This made-in-Spain production is a giant-size, three-hour, sweepingly pictorial entertainment. It probably tells all that most film fans will want to know about the glory, grandeur and greed of Rome.
The production reeks of expense – harness and hay for all those horses, arroz con pollo for all those Spanish extras, annuities for all those stars. Attention will focus upon the marblesque replica of downtown Rome in pagan days with temples, squares, forums, statuary, mosaic floors, columned chambers, luxury suites and a plunge for Caesar. If these sets cost a fortune they pay off in stunning camera angles.

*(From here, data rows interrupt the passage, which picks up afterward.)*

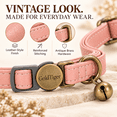 thumbnail image 3 of GoldTiger Vintage Style Leather Breakaway Cat Collar - Adjustable, Durable, Retro Bell - Suitable for All Types of Cats and Small Dogs, 3 of 7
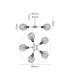 Plattsburgh Semi Ceiling 5 Light E14 IP44 15cm Round Segment Glass Shade Brass Clear & Satin Black-2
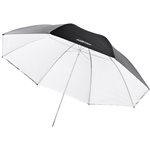 walimex 2in1   84cm  Reflex-& Translucent ombrello   bianco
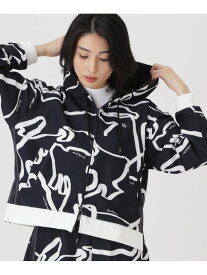 Wハニカムストレッチフルジップフーディ ＜変形ウサギ柄＞ (WOMENS) PEARLY GATES パーリーゲイツ トップス スウェット・トレーナー ネイビー【送料無料】[Rakuten Fashion]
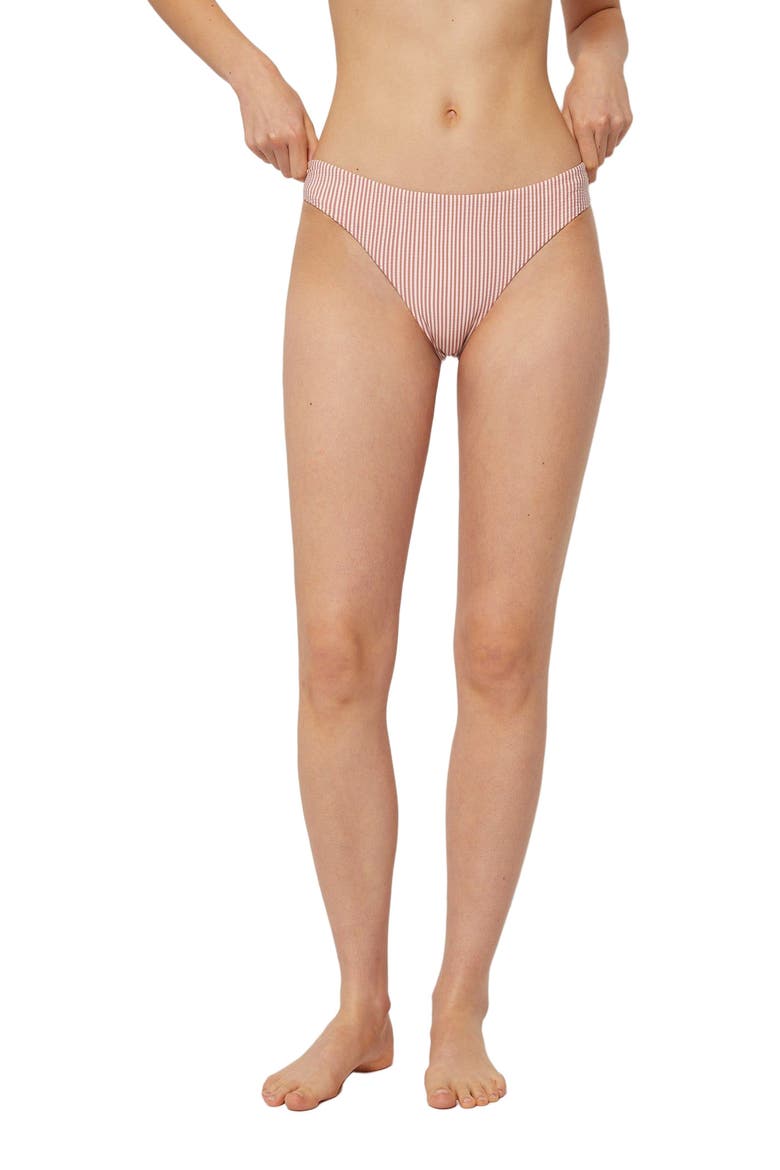 Lily Bikini Bottom, Alternate, color, ROSETTE/WHITE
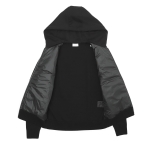 モンクレール MONCLER ダウン入りジップパーカ パディングフード付カーディガン 9b00009 m1131 999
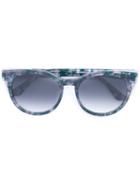 Thierry Lasry Round Frame Sunglasses, Women's, Green, Acetate/plastic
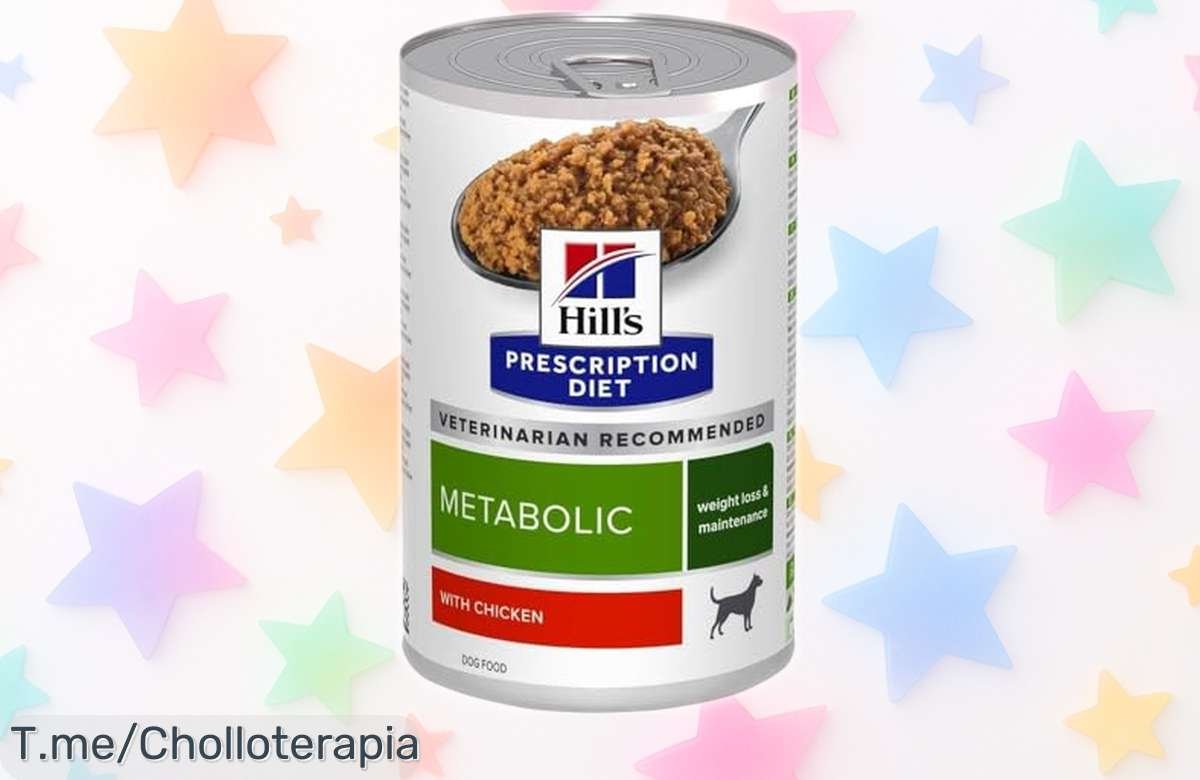 Pack 12 latas Hill’s Prescription Diet Canine Metabolic con precio rebajado para cuidar a tu perro como se merece oferta brutal y limitada corre que vuelan estas unidades compra ya antes de que desaparezcan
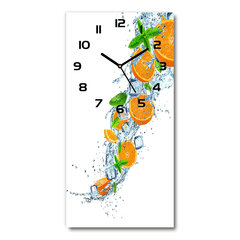 Sienas pulkstenis Apelsīns cena un informācija | Pulksteņi | 220.lv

The story gets under way speedily. Marcus Aurelius (Alec Guinness) has been compaigning for years in the bleak northern frontiers of Rome. He is dying and knows it, intends to disinherit his undependable son and neglects to do so. Stephen Boyd, a true-blue Tribune, will not claim the succession but instead supports the son, his old wrestling club chum Commodus. The entire subsequent plot swings on the failure of intention of the noble and just emperor to assure the continued peace and prosperity of Rome. In all of which the daughter, played attractively by Sophia Loren, is a desperately unhappy witness and victim.
There is much dialog about the factors which favor, and which oppose, good relations among peoples. The arrogance and cynicism in the Senate is part and parcel of the decline, as much as the vain and cruel Commodus, a man quick with the torch to homes, merciless in the ordering of wholesale crucifixions.
This anti-intellectual sadist is played with smiling malice by Christopher Plummer. He, Guinness and James Mason as a cultivated and honorable Roman minister to Marcus Aurelius pretty much wrap up the acting honors.